In Britain, Staveley owns EI-WHS, MJN Colston and Integral. Each company specialises in its own field: MJN in industrial m&e; EI-WHS in electrical; and Integral which offers facilities management (fm), m&e maintenance and special project work dealing direct with the client/end user.

Clancy heads up the London and South East region of Integral, a nationwide player with eight bases ranging from Glasgow to Croydon. Of Integral’s £50 million national turnover, Clancy and co in Waltham Cross produce a cool £15 million. Not bad for a small town outfit with a boss aged 31.

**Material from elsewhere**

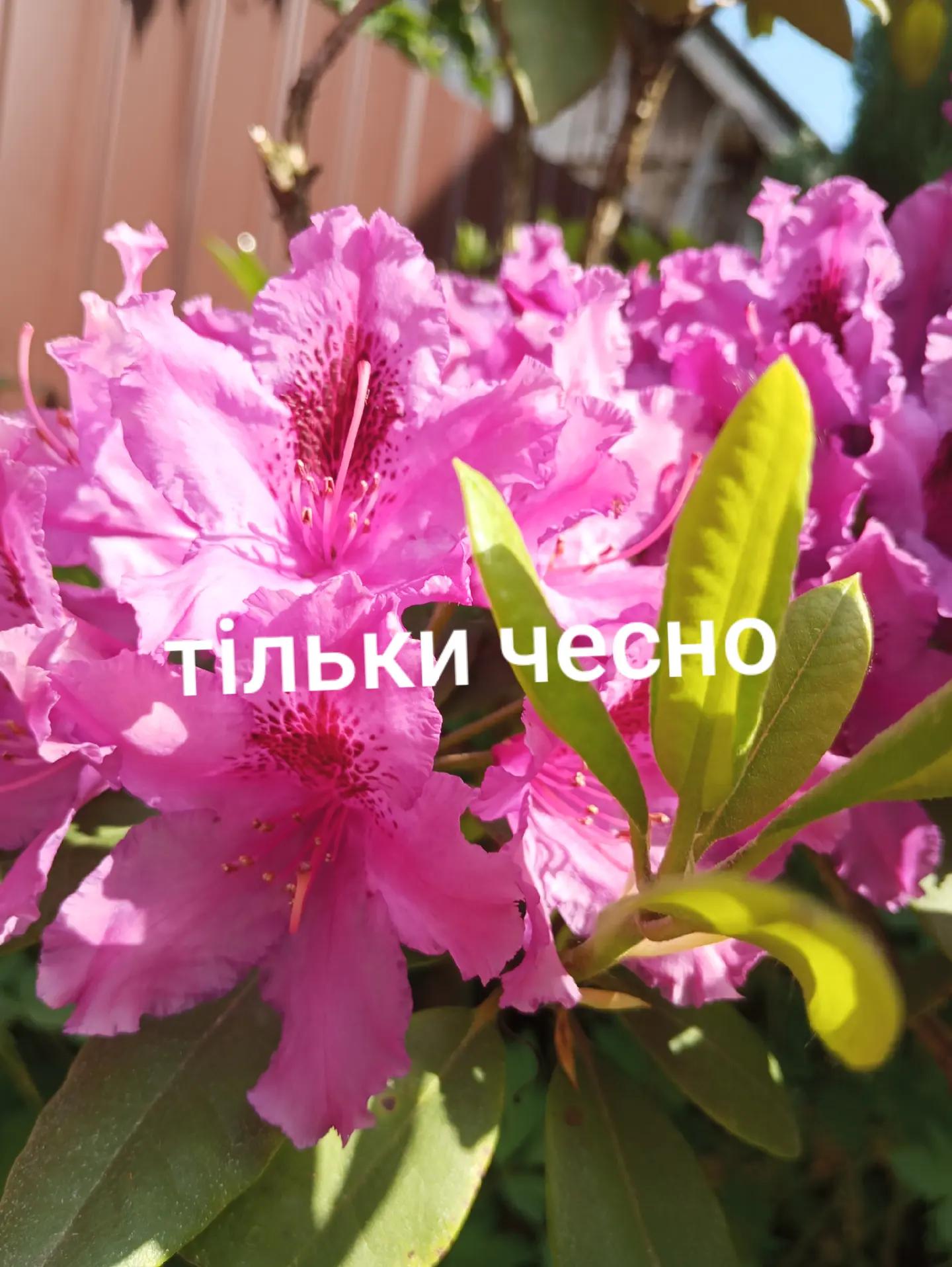 @🇺🇦🥀&hearts;️v+i+r+a&hearts;️🥀🇺🇦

Yes, you read it right, 31. At an age when many a sparky would be proud to be running a contract package, Noel Clancy is the boss.

And his secret is? He knows what he wants and goes for it with a passion that most would reserve for their football team. “I joined MJN from school as an electrical engineer,” says Clancy. “I enrolled at college and was surprised when they asked where my hard hat and boots were. I thought that it was a purely academic course but the practical content turned out to be invaluable experience.”

Clancy realised this early and persuaded his employers to let him stay out on site for the duration of his training. “This was quite unusual,” he says. “MJN normally trained aspiring managers from an office base, and electricians on site. I formed a bridge between the two. I sold the idea saying, ‘if we are going to be successful we need to understand the core of the business and that means the guys with the hacksaws and pliers.’”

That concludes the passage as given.